*TO DO*
Could you write out exactly, and only, the lines from the one containing "Jade Gemstone Pendant" through the last line of the data, leaving out all pictures?

★ ★ ★ ★ ★ ★ ★

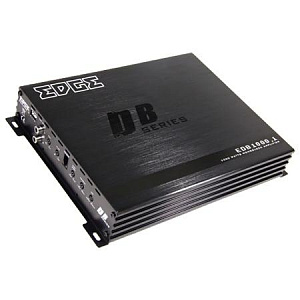 Автоусилитель EDGE  EDB1000.1-E9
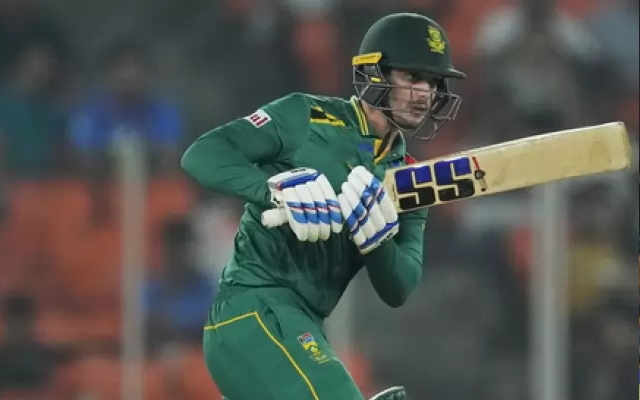  ‘Naveen should concentrate on mangoes‘ – Fans react as South Africa beat Afghanistan by five wickets in ODI World Cup 2023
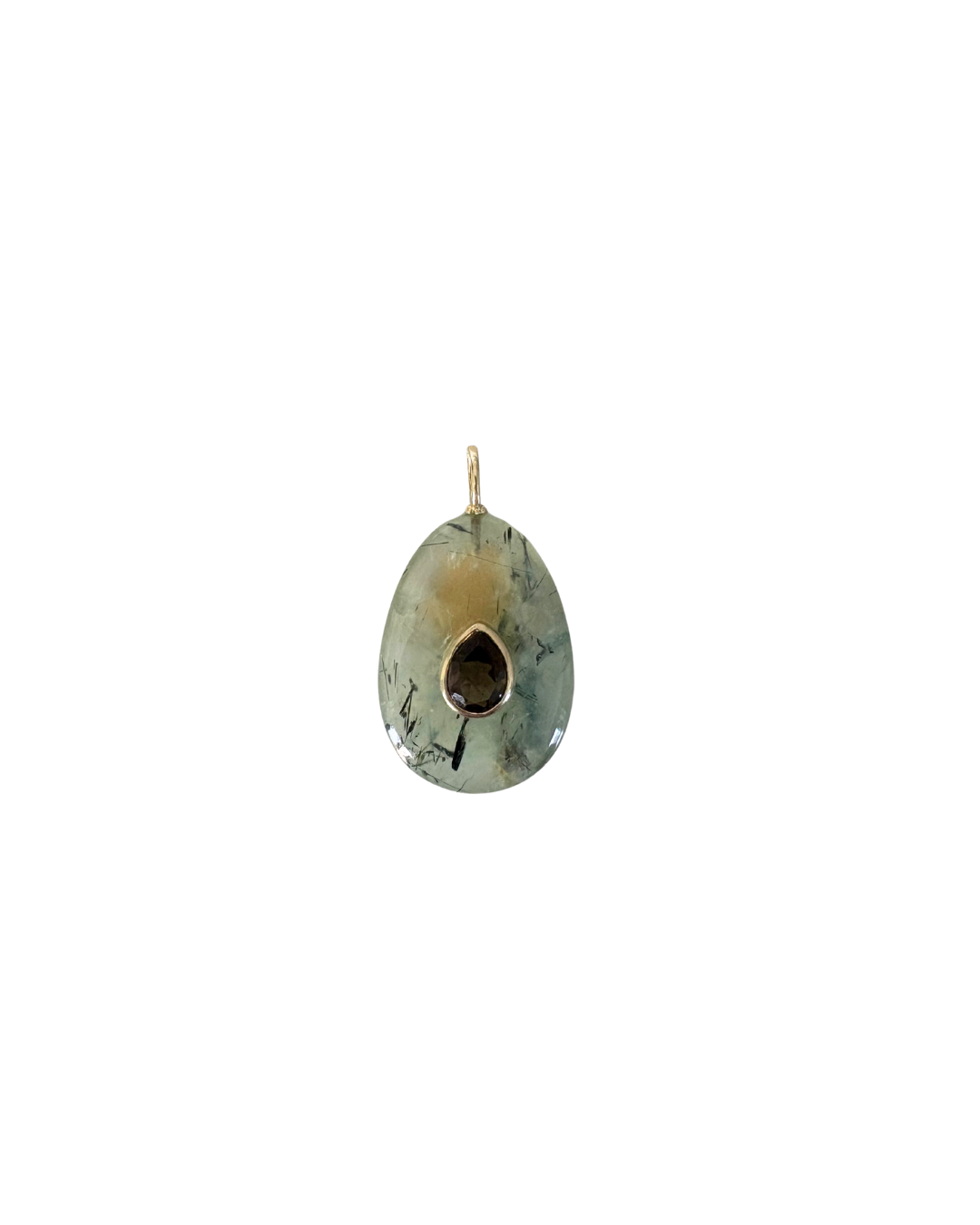 Jade Gemstone Pendant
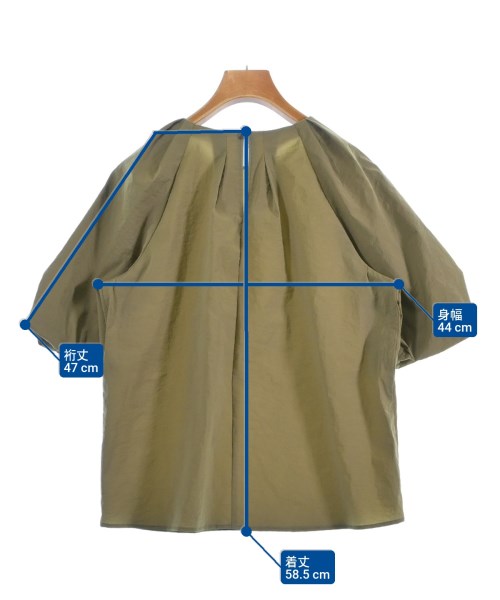 PLST เสื้อสตรี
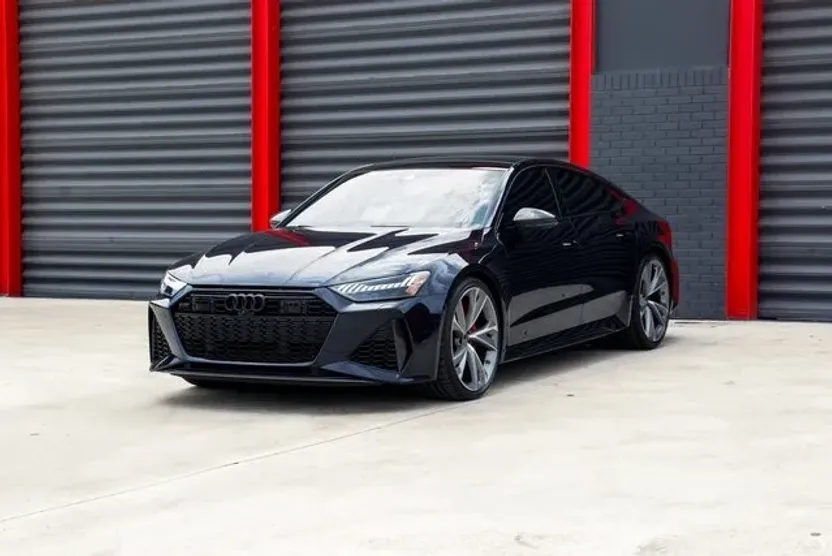 2022 Audi RS 7 Base photo 1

★ ★ ★ ★ ★ ★ ★

*RESULT OF THIS EXERCISE*
 Jade Gemstone Pendant
 PLST เสื้อสตรี
 2022 Audi RS 7 Base photo 1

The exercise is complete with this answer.